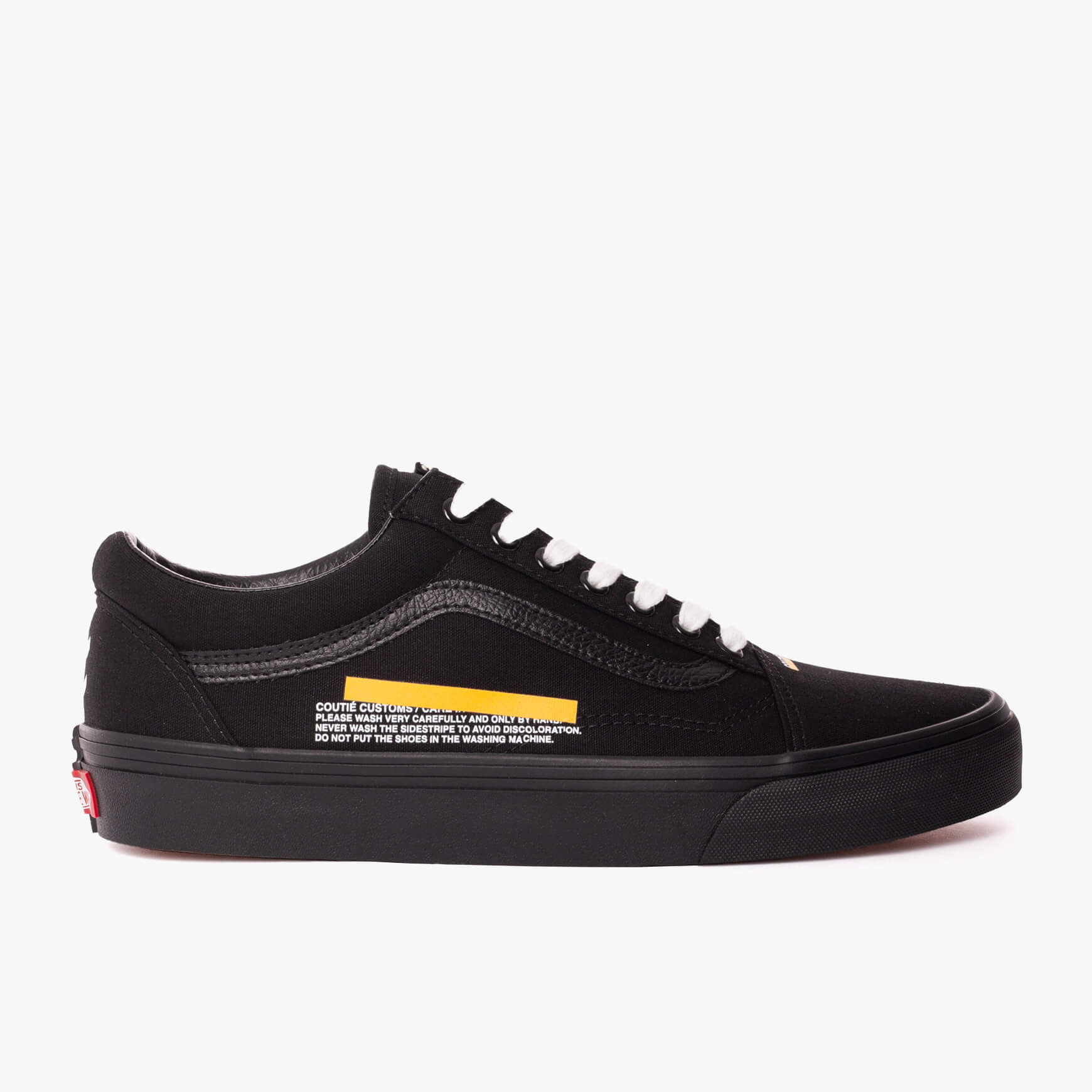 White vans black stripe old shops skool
---
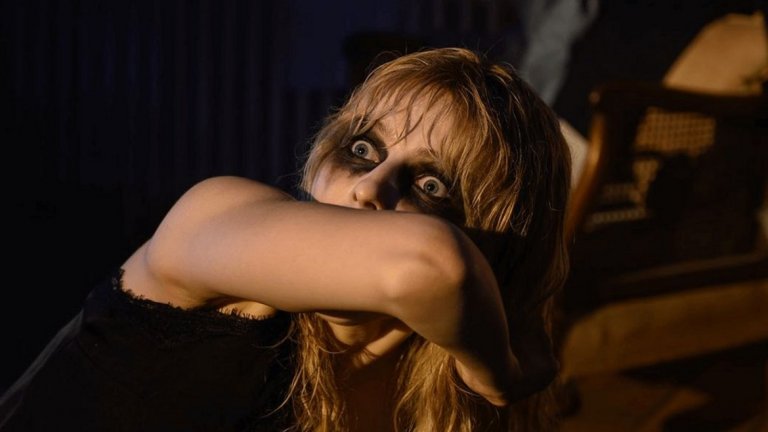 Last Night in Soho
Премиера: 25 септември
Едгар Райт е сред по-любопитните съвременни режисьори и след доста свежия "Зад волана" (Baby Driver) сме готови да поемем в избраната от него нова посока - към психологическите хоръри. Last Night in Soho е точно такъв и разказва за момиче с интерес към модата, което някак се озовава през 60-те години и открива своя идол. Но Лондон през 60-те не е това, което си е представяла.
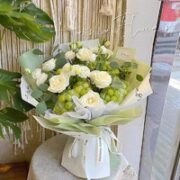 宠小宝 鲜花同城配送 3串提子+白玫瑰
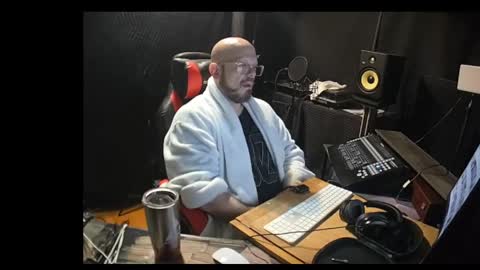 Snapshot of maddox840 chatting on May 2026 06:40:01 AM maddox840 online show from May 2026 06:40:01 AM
---
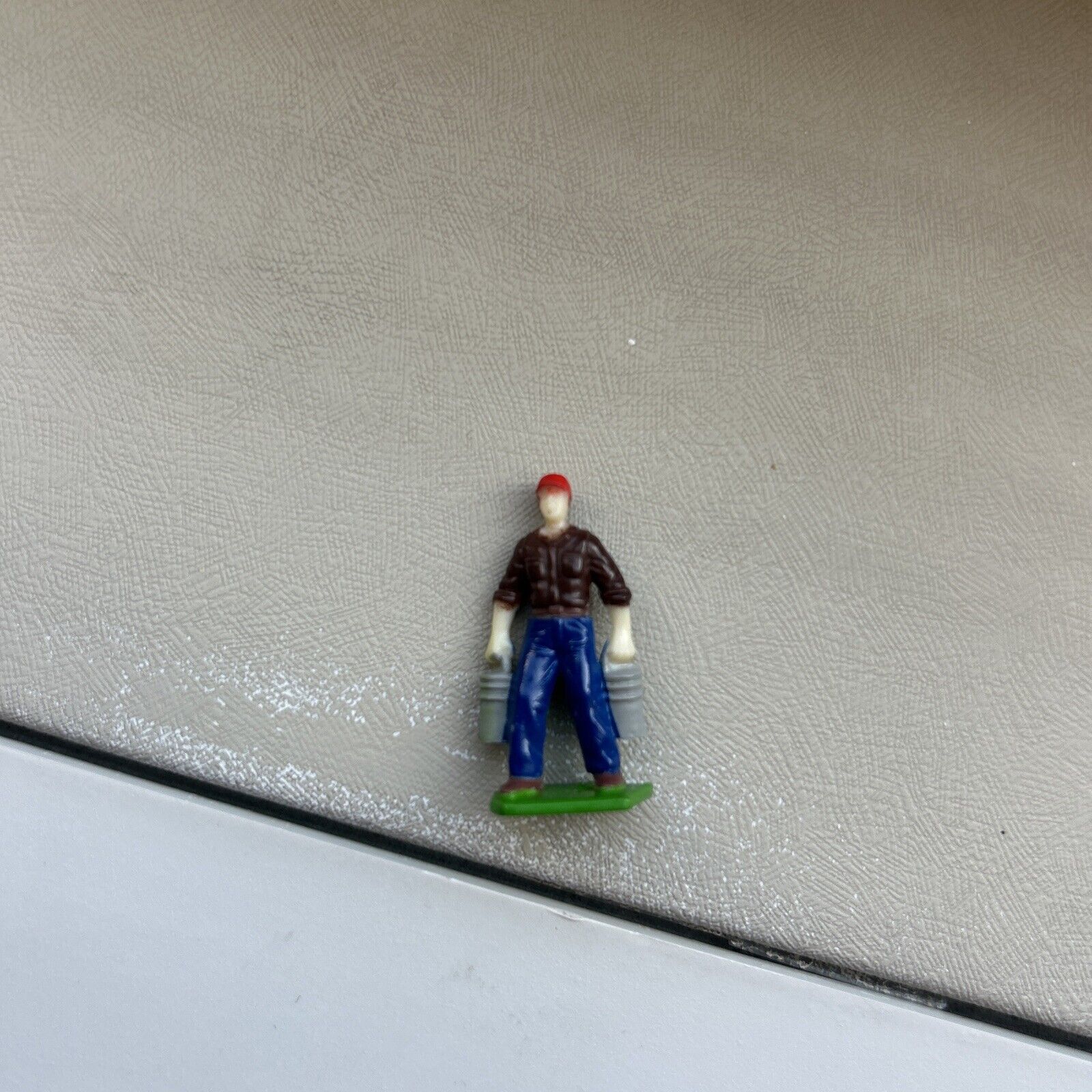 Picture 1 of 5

- _Work to be completed_
Extract the part of the records that opens with the line containing "宠小宝 鲜花同城配送 3串提子+白玫瑰" and closes with the line containing "Snapshot of maddox840". Take only those lines, exactly, and no pictures.

- _Answer_
 宠小宝 鲜花同城配送 3串提子+白玫瑰
 Snapshot of maddox840 chatting on May 2026 06:40:01 AM maddox840 online show from May 2026 06:40:01 AM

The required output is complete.